Thank goodness for text messaging. If I call Franklin on my cell, this person might recognize my voice from television. But I’ve got to let him know I’m all right. I wait until we motor through gloomy old Sumner Tunnel, where my phone won’t work anyway. As we emerge into the neon and streetlights of Boston’s North End, I flip my cell open, holding it up to my window so I can see the numbers. I punch Franklin’s speed dial, and with two thumbs, text as best I can. Home. Katie? Fire? FBI? Got big ifno.
Rats. No time to fix spelling errors. Call u L8TR.
We turn onto Storrow Drive, the Charles River reflecting MIT on the right, the lights of Beacon Hill flashing by me on the left. It feels strange, knowing we’re going past the turnoff for my own apartment headed to Brookline and points unknown. Stranger still, I’m sitting in the backseat of a cab, right next to someone who’s clearly up to her stylish rear end in the counterfeit purse syndicate.

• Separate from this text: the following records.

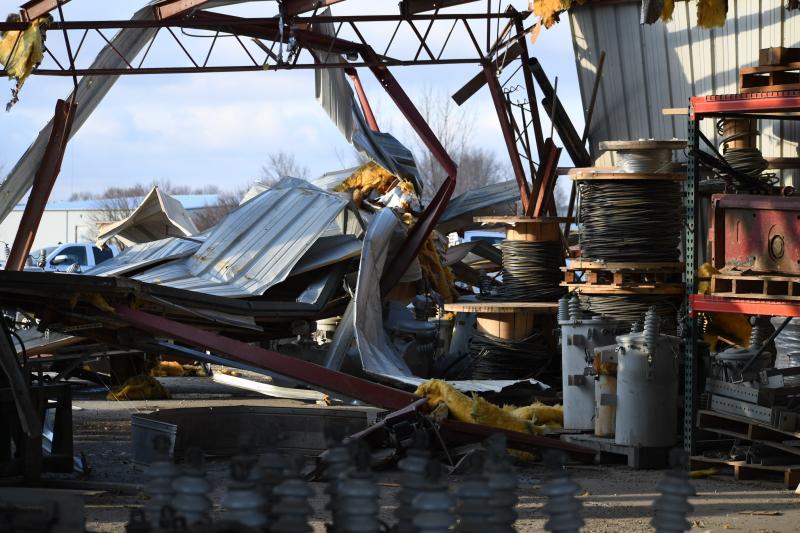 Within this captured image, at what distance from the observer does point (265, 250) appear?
1658cm

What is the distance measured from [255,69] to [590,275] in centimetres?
639

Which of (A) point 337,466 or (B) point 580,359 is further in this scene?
(B) point 580,359

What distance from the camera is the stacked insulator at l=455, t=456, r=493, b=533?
4246mm

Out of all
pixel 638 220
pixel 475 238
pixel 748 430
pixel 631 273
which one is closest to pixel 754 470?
pixel 748 430

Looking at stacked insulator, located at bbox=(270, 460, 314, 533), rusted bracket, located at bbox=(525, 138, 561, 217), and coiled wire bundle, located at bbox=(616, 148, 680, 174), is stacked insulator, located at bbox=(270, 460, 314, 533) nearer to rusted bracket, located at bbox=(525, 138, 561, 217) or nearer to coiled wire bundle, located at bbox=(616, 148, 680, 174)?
coiled wire bundle, located at bbox=(616, 148, 680, 174)

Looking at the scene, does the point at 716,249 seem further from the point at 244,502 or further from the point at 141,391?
the point at 141,391

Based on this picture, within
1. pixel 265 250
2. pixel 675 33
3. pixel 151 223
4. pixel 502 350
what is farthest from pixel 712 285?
pixel 151 223

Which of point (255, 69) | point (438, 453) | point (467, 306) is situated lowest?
point (438, 453)

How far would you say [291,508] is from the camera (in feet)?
13.6

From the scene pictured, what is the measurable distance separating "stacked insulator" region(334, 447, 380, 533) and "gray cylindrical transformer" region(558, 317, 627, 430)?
23.5 ft

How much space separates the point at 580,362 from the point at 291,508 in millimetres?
7478

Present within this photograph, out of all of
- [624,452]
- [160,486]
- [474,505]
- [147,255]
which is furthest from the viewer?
[147,255]

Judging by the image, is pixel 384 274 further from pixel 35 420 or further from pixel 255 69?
pixel 35 420

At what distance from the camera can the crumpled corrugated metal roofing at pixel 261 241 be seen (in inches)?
624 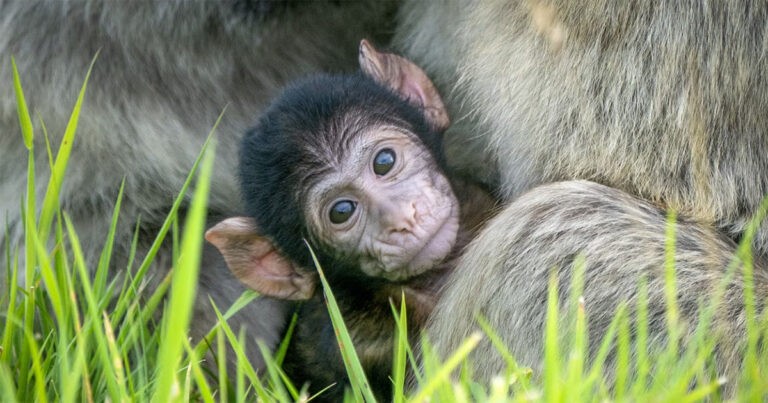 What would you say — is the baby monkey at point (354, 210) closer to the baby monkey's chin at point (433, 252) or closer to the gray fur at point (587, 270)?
the baby monkey's chin at point (433, 252)

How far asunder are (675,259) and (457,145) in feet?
3.05

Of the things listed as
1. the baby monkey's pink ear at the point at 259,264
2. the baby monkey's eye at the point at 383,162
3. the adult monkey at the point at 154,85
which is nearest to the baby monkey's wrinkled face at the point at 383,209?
the baby monkey's eye at the point at 383,162

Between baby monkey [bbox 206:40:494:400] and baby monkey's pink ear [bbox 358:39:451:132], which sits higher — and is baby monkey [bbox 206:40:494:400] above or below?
below

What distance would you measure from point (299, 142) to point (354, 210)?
0.59ft

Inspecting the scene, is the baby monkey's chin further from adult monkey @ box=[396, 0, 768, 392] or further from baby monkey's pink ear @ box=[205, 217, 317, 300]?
baby monkey's pink ear @ box=[205, 217, 317, 300]

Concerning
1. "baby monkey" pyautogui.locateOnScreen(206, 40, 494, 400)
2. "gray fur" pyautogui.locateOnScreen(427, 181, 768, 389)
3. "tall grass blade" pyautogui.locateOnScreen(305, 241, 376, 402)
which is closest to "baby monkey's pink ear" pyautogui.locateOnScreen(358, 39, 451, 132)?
"baby monkey" pyautogui.locateOnScreen(206, 40, 494, 400)

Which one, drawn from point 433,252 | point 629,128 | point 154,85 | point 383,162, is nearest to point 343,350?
point 433,252

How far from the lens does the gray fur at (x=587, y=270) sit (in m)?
1.96

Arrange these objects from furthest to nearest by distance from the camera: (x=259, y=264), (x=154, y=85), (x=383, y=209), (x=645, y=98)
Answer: (x=154, y=85) → (x=259, y=264) → (x=383, y=209) → (x=645, y=98)

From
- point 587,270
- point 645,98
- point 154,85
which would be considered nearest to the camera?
point 587,270

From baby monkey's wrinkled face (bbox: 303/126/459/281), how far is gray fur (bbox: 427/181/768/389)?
0.16m

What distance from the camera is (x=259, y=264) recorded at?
2.52 metres

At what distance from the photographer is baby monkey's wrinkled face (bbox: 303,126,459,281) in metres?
2.32

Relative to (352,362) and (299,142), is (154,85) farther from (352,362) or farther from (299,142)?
(352,362)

I pretend to yawn, so I can look at her but still keep my hand over my face.
She’s now peering through red-rimmed reading glasses as she examines the screen of her cell, a complicated multitasking PDA with a tiny keyboard and green screen. No way for me to read what it says. On her right hand, she’s wearing a square-cut emerald, surrounded by diamonds. Very pricey. If it’s real. And in her lap, a Louis Vuitton shoulder bag. Very pricey. If it’s real. Gucci shoes. This woman has bucks. Or connections.
Unfortunately, she must have told the driver her address while he was loading her stuff in the trunk. So I don’t know exactly where we’re going. But she said Brookline. And I do know we’re almost there.
I look at my cell again. I type another message, quickly, before I can decide not to. “To Josh. Sorry. V V late. Talk 2morrow. Miss U.” I pause. That’s true. I do miss him.